Five years earlier with Montreal, Carter came to the plate in the decisive Game 5 of the 1981 National League Championship Series with the Expos down 2-1 and down to their last out against Dodgers ace Fernando Valenzuela. Carter refused to make the last out. He grinded out a seven-pitch walk that knocked Valenzuela from the game — only to have Bob Welch end it with one relief pitch.
This time the World Series was on the line, not to mention those 108 regular-season wins by the Mets that would be left without validation. Red Sox closer Calvin Schiraldi was on the mound, pitching with the bases empty and a two-run lead in need of only one more out for Boston’s first championship since 1918.

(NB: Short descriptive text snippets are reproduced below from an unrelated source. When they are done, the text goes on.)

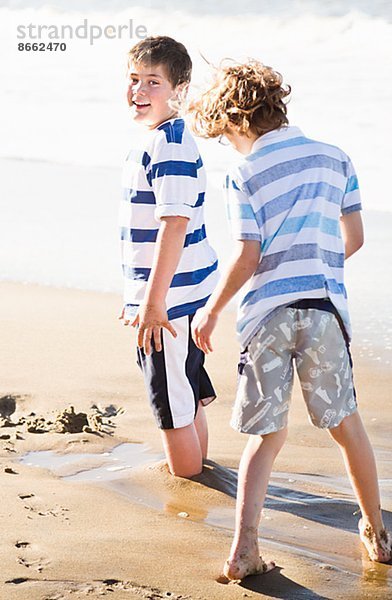 Jungs spielen am Strand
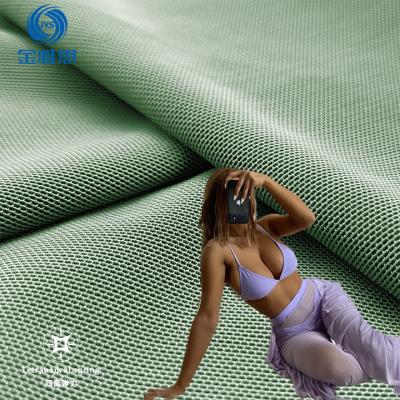 China Stain Repellent China supplier 190g 70d*280d 85 nylon 15 spandex mesh knitted fabric can be customized printed for swimwear for sale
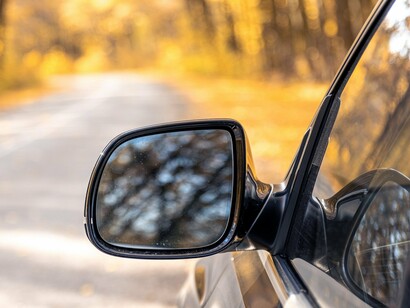 A rear view mirror showing what has already been left behind, reflecting the importance of reflection before moving forward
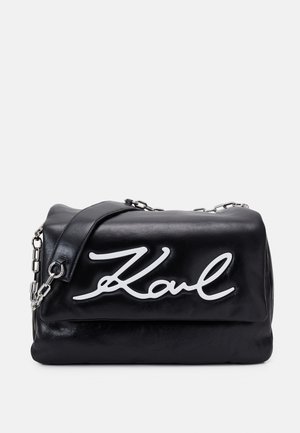 Czarna skórzana torba na ramię z srebrnym łańcuszkiem jako paskiem i białym kursywą napisem "Karl" na przedniej klapce.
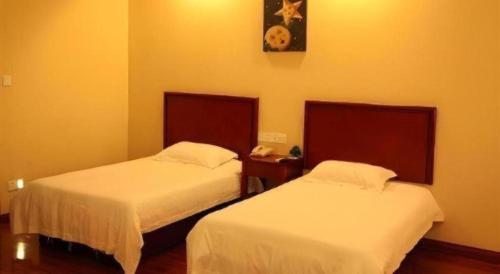a hotel room with two beds and a telephone at GreenTree Inn Yixing Zhangzhu Express Hotel in Xinchating
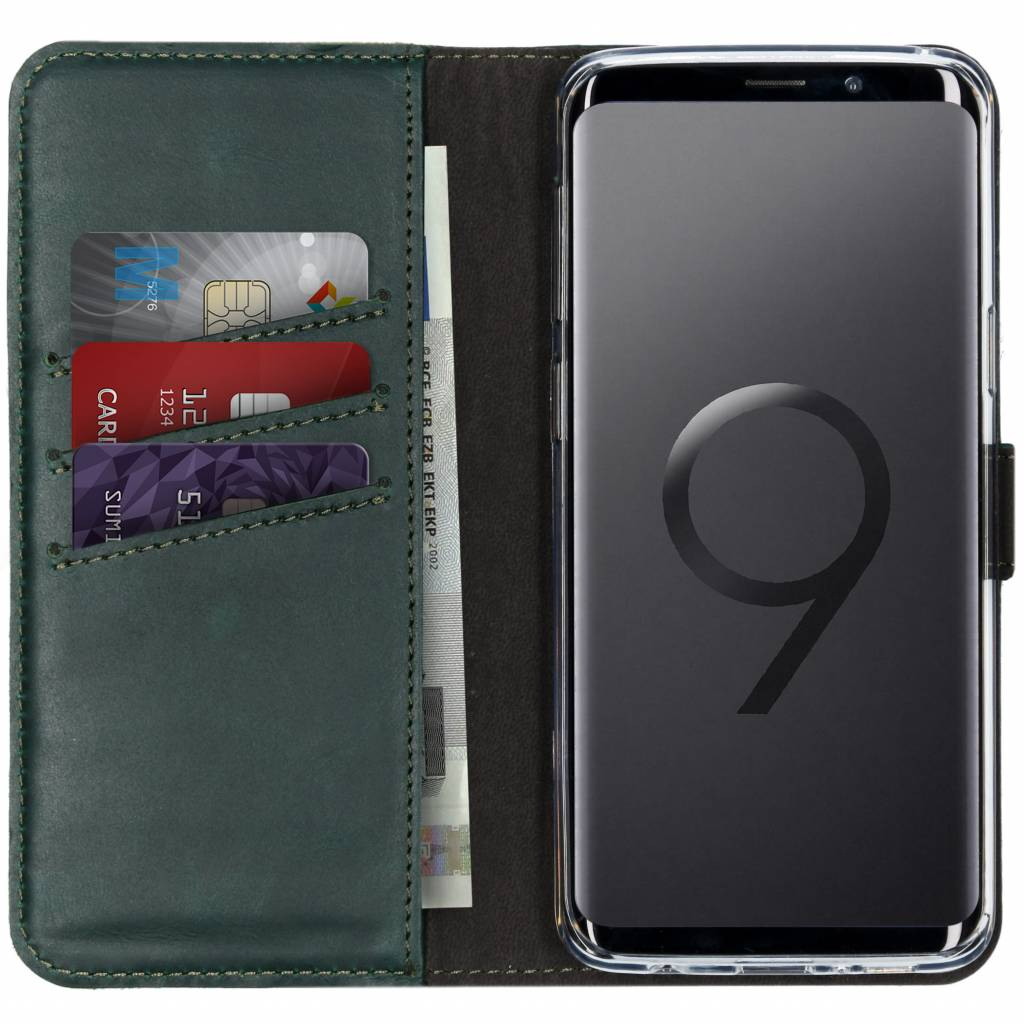 Étui de téléphone en cuir vert avec téléphone, cartes de crédit et argent. Le téléphone affiche un grand 9.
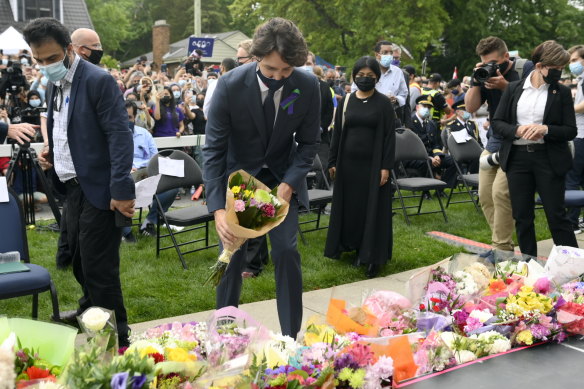 Canada’s Prime Minister Justin Trudeau places flowers at a vigil for the victims of the deadly vehicle attack in London, Ontario.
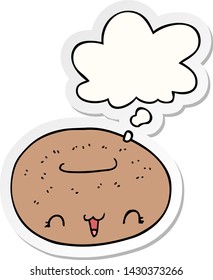 cute cartoon donut with thought bubble as a printed sticker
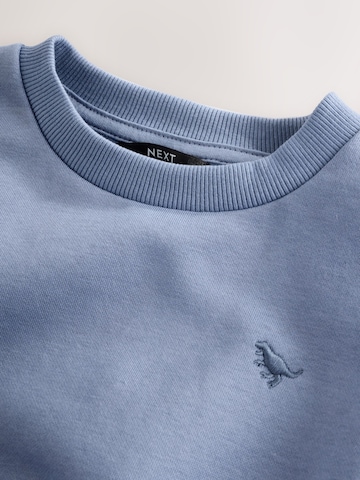 Set Next en bleu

Such are the moments that define the fortitude of a ballplayer — not the endorsements or the nicknames or the camera time. And Carter, this man of unshakable faith and self-assuredness, was comfortable in such a revelatory spot.
“I was our last hope,” he wrote, “and as I took my place and looked out at Schiraldi, all sounds shrank back, and I felt a presence in me, or perhaps besides me, a calming certainty that I wasn’t alone. I was not alone, and I was not, so help me, going to make the last out of the World Series. I felt certain of that.”
So confident and ready was Carter that he lashed at the first pitch, a fastball — and fouled it back. Schiraldi threw two more pitches that would skirt the strike zone. Carter was comfortable enough to let them pass. On the fourth pitch, Carter, who had tied the game in the eighth when the Mets were down to their last five outs, lashed a single into left field.
With that one swing under ultimate duress, Carter provided the first light of hope to what would be one of the greatest rallies in baseball history. Within four batters the Mets would score three times without an extra-base hit to win the game.
Set aside the hit. Imagine the strength it took for Carter to stand there and be “certain” he was not going to make the last out. Such sangfroid is what defines Carter as a man, not just a ballplayer, of supreme conviction.
Wrote Carter even soon after the moment of a lifetime, “I’ll always be grateful for the dream season of 1986. In a corner of my mind I will stand forever with my bat cocked, waiting for the two-one pitch from Calvin Schiraldi.”